From 24 October 2016, Mumsnet, a website for parents, hosted an online discussion forum on behalf of the Committee inviting users to contribute their views about children’s use of the internet. The forum can be viewed here:
On 8 November 2016 Members of the Committee visited Richard Atkins Primary School in Brixton to observe a special assembly presented by Google. Lord Best, Lord Gilbert of Panteg, the Earl of Caithness and the Bishop of Chelmsford were in attendance. This was part of the ‘Internet Legends Tour’, an initiative which Google had developed in partnership with Parent Zone to promote online safety in schools. The information was targeted at children between 9 and 10, and was centred around four messages encouraging children: not to share personal information or images which might be embarrassing; to protect passwords; to think critically to avoid ‘phishing’ type scams; and, to respect one another online. The assembly was presented by a professional actor and with a well-made set. In a post-assembly meeting, Google told Members of the Committee that the assembly was presented in 40 schools a year. Google was intending to develop resources so that schools could present a modified version of the assembly by themselves. It had already developed lesson plans and presentation slides.
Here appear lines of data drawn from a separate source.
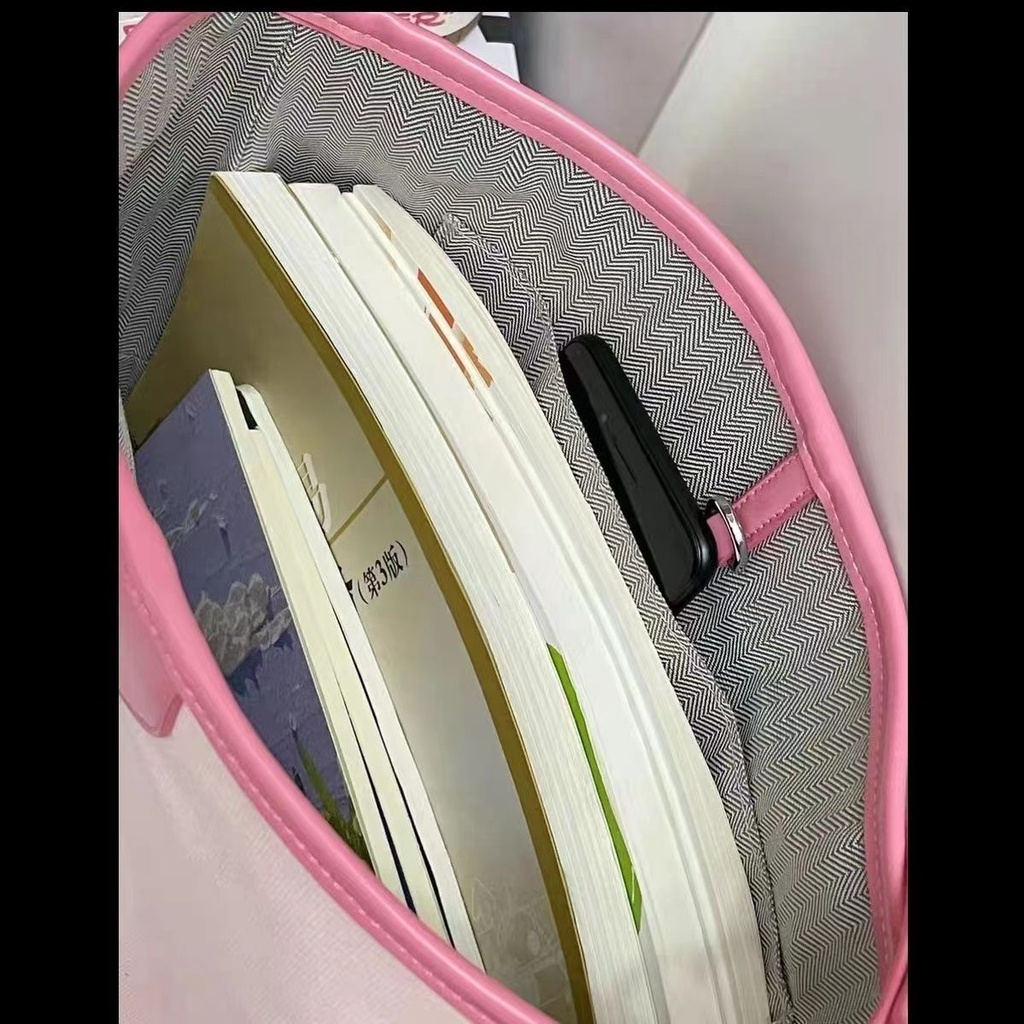 Túi Xách Canvas Cỡ Lớn Màu Sắc Tương Phản Thời Trang Cho Nữ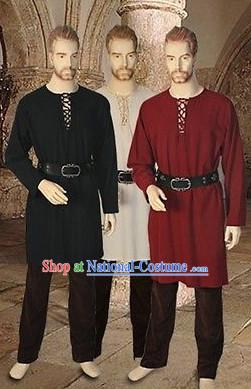 Traditional Medieval Costume Renaissance Costumes Historic Clothing Complete Set for Men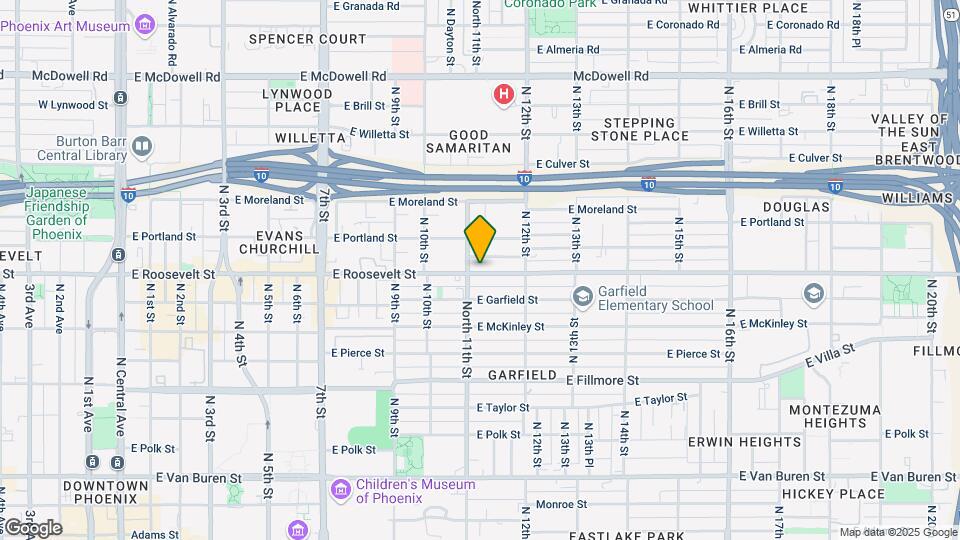 1122 E Roosevelt St Map and Location Details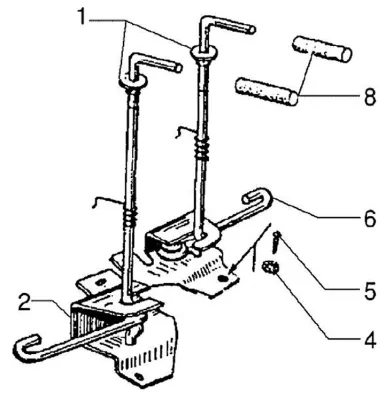 Side panel locking device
On 29 November 2016 the Committee held an informal meeting with a group of visiting schoolchildren from Trinity School, Redditch, Worcestershire, with the assistance of Parliament’s Education Centre and the Outreach Service. The children were aged between 14 and 16.
Lord Best, the Chairman of the Committee, led the discussion and other Members were invited to ask questions. Lord Best, Baroness Quin, Baroness Kidron and Lord Sherbourne of Didsbury were in attendance. An anonymised note was taken, a brief summary of which is below.
All the children used the internet in some form. One remarked that, while this technology “started so small”, it was now possible to get everything on a phone. This came with a loss of privacy as it was possible to find out so much about a person online. GPS had enabled people to find their phone, but also potentially someone else’s.
When asked about the effect of the internet on friendship, one child said that faceless interaction meant that there could be no filters on what people can or cannot say as they do not have to deal with the consequences.
While some children were aware about apps to track screen time and to send notifications when a limit had been passed, according to the children, the school did not hold discussions about overuse (the school did have e-safety lessons). All the children said that they would welcome alerts about overuse.
The children also agreed that maximum privacy settings on devices should be on by default.
The children said that they were aware that they were being targeted by advertisers.
The children were aware that, if they did not like content of themselves posted on social media, they could report it, but they acknowledged that normally it is for the uploader of the content to take it down. When asked, they all said that they would like the right to have content taken down.
Some children also suggested that prohibition of the internet would not work, but that a flexible approach was needed.
They advocated more education about hacking and privacy, and recommended that this should be for children of all ages.